Losing Your Identity

Who are you?

That is a question many people who search for truth grapple with.  Most will answer with their name, a description of their job/career, role in a family, activities they excel at, etc.  But that's not really the answer, is it?

I spent a good portion of my life striving to be someone.  I took all the steps to become educated.  At an early age, I became a Mom.  I dedicated my years to being a great Mom and successfully fought the stereotype of a young, single mom.  My career grew and I became a leader in my organization.  I was healthy and fit. 
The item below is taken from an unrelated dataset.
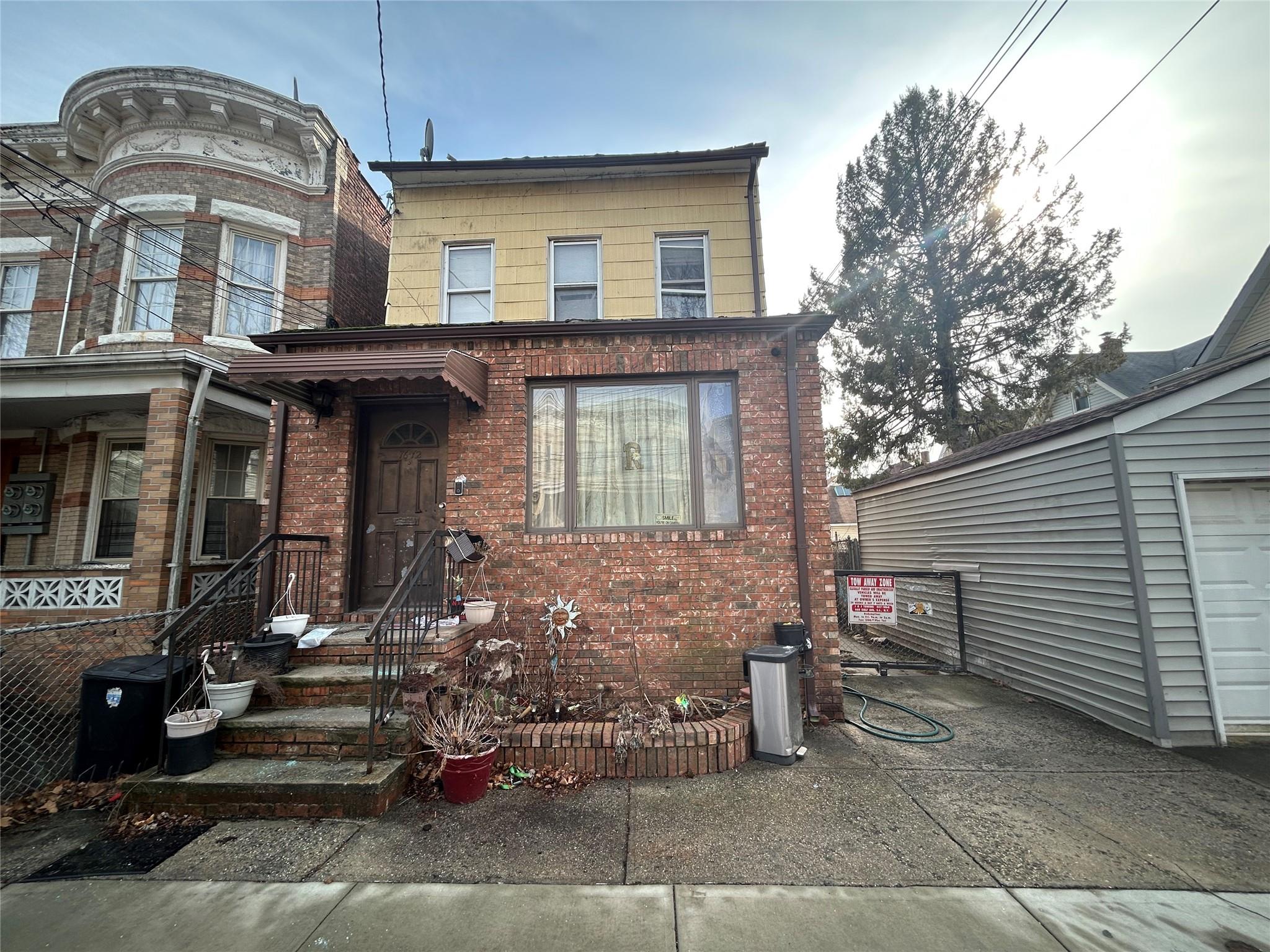 View of front of house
I identified with all of these things.  You have probably heard me say it before, I was a fiercely independent, career driven, healthy, single mom.  And I was successful at it.  I put my energy into it.  I was proud of my success.  I attached to it.  (Yes, I probably still attach to it:)

Then it was taken away.

When I say it was taken away, I simply mean, it changed.  I married.  I had another child.  I left my job and eventually had a complete career change, and struggled through it, even though I loved what  I did.  Chronic pain and burn-out lead to depression and lack of activity.

So I was no longer the person I thought I was.  I was now an unemployed, unhealthy, married mom of two.

I lost my identity.  I kind of crumbled, even though many of the changes were wonderful.  I had no idea who I was.  My role changed.  I had no idea where or how I fit in.  I was having an identity crisis.

I was also an entrepreneur.  And a yogi.  I began attaching again to those descriptors, which gave me a sense of belonging.  For a while, they fit, and I became proud of them.  But something was not working.  You see, I was still attaching to an idea.  I still AM attaching to an idea that I must BE something in order to have value.

My identity brings me value.  And we all need to feel valued.  My identity gives me a place to belong.  And we all need to feel like we belong.

So, I'm still grappling with who I am.  I have had glimpses of different levels of consciousness that bring tremendous joy and peace.  That is who I am, truly.  But I have manifested into me on this physical plane.  So who is me?  And why am I here?

I'm on this journey now.  I'm detaching (it is taking me a long time!) from my past identity... and releasing who that person was.  She had a purpose, and I'm learning gratitude for that.  I'm forming a new identity, and I'm working on being more flexible with it.  That Tina will also serve a purpose.  I'm uncertain what it is right now.  But, as opposed to feeling I had zero value when I was in a dark place of depression, I know that just by being here in this body with this spirit, I bring value.  Sometimes I just don't know what it is.  And that is OK.

We are all evolving all the time.  But when we attach to an identity, we can get stuck, and it can hinder our growth.  So, I think I'll look at this identity crisis as an identity evolution instead.  There is value in that.  Because now, more than ever, I feel alive.